Support for out-of-distribution detection with one class SVMs

One use case for vetiver would be monitoring whether new data that the model encounters in real world belongs to the same distribution of data seen during model training, or whether there is a covariate shift over time. I wonder if this would be a useful addition to vetiver.

We could potentially use one-class support vector machines for novelty detection, as proposed by Schölkopf et al. The idea is to define a frontier boundary surface around the training points in the p-dimensional feature space and check to see if new observations fall within or outside this frontier. Schölkopf et al suggest a single-class SVF to find the tightest hypersphere around the data. Probabilistic outputs from one-class SVMs can quantify the probability that the newly-observed data belongs to the distribution of training data.

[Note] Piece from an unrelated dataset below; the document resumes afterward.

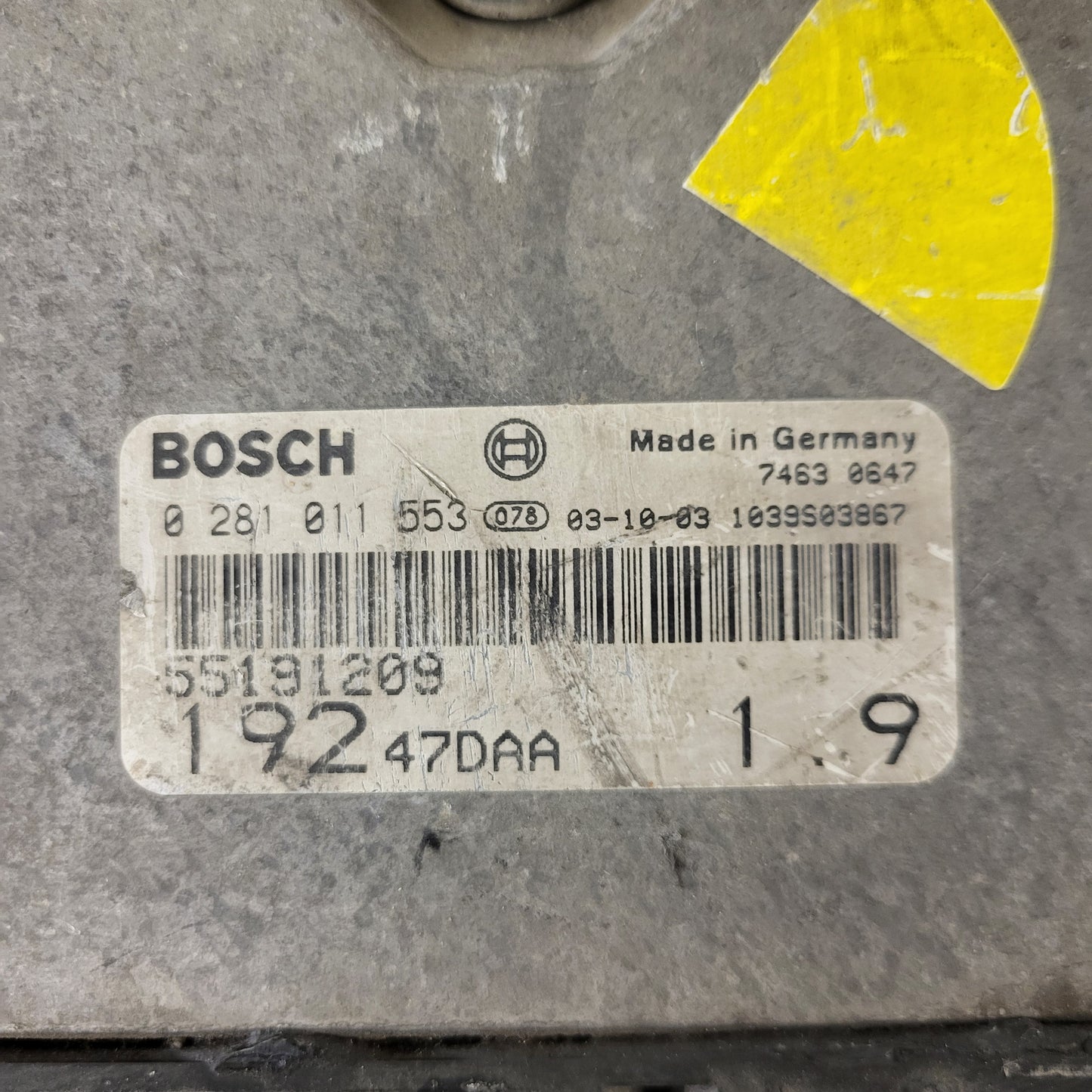 FIAT STILO 1.9 JTD ECU / 0281011553 / 55191209 / 19247DAA / BOSCH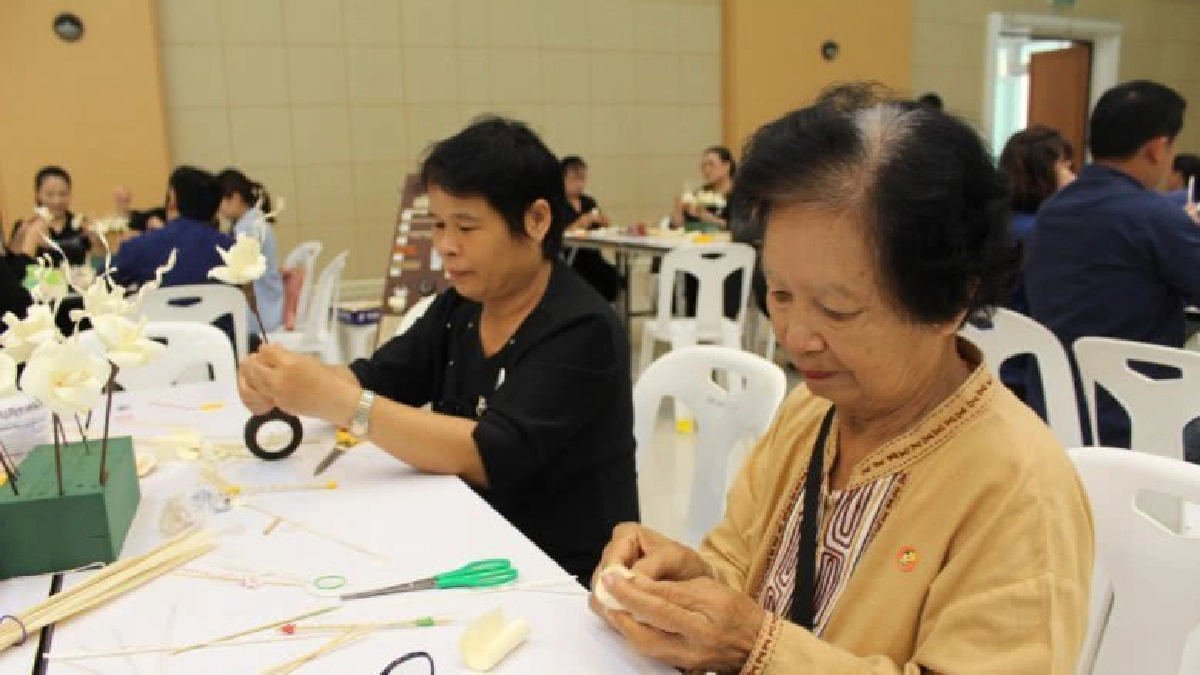 ดอกดารารัตน์ ทำจากใจ ถวายพ่อหลวง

In terms of implementation, LIBSVM provides the go-to implementation of one-class SVMs, and since version 3.31 (Feb. 2023) supports probabilistic outputs for one-class SVMs.

For vetiver-python, we could potentially use libsvm-official, which supports one-class probabilistic outputs. There is also sklearn.svm.OneClassSVM which seems to be a separate implementation inspired by libsvm, but I am not sure if it supports probabilistic outcomes.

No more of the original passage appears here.